I hope we never show under that judge again... he was absolutely no fun and wasn't consistent with how he placed the goats at all. It would be pasterns one class, muscle to fat ratio the next... head shape the next and topline the next... He and one of the breeders were ticked off at each other almost the whole show... so that was quite awkward too.. 

Her top was the 1 and only reason he gave for placing Liberty 2nd to last... I was SO shocked!!!! The does in front were a lot worse otherwise!  I did not like that judge one bit...


----------



## toth boer goats (Jul 20, 2008)

I dislike judges that aren't fair, in which, it sounds like the case here. 

There are times, we get unlucky with certain judges. Hopefully, you won't run into that one again. Check all the shows for the judge line up. Then do a research on how he/ she judges and what the likes and dislikes are. Then you will know basically, how the goats will do, well sort of, LOL


----------



## Crossroads Boers (Feb 19, 2011)

I didn't know who was judging this show until we got there! For the ABGA shows it is easy to find out, but it wasn't posted anywhere who the judges would be for this show. So that can be a bummer some times. I have friends who scratch and don't come when they hear who is judging. I am starting to learn why! 

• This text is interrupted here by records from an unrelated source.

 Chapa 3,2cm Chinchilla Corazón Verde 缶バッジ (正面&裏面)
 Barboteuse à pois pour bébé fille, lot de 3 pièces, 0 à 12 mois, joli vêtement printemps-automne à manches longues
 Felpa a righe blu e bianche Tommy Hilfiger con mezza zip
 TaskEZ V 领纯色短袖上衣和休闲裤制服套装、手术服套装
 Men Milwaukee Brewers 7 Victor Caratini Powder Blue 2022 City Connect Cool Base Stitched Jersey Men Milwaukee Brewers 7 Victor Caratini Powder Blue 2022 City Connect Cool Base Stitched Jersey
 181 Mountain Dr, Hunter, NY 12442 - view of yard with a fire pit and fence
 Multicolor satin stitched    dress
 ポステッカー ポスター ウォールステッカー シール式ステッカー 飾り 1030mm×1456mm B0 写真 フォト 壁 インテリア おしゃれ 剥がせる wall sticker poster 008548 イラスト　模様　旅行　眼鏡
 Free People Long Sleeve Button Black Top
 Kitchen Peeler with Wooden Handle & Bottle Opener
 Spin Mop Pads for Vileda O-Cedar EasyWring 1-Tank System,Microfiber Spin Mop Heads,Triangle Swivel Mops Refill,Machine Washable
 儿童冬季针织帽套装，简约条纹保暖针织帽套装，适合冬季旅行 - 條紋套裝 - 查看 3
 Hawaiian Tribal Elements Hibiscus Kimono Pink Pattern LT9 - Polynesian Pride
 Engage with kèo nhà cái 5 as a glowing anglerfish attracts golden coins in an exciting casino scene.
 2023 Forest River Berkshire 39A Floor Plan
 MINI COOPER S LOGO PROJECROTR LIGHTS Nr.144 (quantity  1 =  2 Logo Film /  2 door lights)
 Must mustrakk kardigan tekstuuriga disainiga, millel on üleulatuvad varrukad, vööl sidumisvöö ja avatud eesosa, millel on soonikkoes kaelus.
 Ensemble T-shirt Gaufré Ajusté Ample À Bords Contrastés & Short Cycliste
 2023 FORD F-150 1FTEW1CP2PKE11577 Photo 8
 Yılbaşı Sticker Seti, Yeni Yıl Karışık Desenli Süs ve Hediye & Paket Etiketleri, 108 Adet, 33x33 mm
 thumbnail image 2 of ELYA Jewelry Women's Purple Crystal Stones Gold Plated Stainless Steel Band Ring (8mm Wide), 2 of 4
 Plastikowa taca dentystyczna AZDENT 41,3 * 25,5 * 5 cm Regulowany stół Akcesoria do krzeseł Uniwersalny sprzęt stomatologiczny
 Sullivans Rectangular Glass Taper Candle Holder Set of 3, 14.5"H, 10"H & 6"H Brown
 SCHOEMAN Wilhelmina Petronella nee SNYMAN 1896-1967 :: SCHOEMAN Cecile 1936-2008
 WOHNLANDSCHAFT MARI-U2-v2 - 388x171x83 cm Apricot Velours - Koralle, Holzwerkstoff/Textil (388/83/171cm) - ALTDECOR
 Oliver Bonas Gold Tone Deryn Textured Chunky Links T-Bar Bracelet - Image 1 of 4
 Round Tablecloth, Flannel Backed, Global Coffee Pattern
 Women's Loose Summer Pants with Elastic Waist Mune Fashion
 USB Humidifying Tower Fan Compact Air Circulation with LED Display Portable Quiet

By this time in our show career, I feel I know a lot of the judges fairly well. We're still meeting new ones here and there, but have had the same many times now. I know of two judges I don't like at all, well actually 3.  There are a few who are good judges, but are just not nice or friendly in general, which I don't like either. My very fav judge is Scott Pruitt. He is friendly, light and a great judge! Ron Dilley was a good judge too. Pat Hendrickson is great...


----------



## Frosty (Feb 13, 2010)

Good job. I still think Dazzle should take it all. Can't guess who my favorite is can ya.lol


----------



## Crossroads Boers (Feb 19, 2011)

Thanks Frosty.  Dazzle is pretty. She is so looooooooong!


----------



## toth boer goats (Jul 20, 2008)

I know what you mean Victoria. 



Love the pics


----------



## Crossroads Boers (Feb 19, 2011)

Thanks.


----------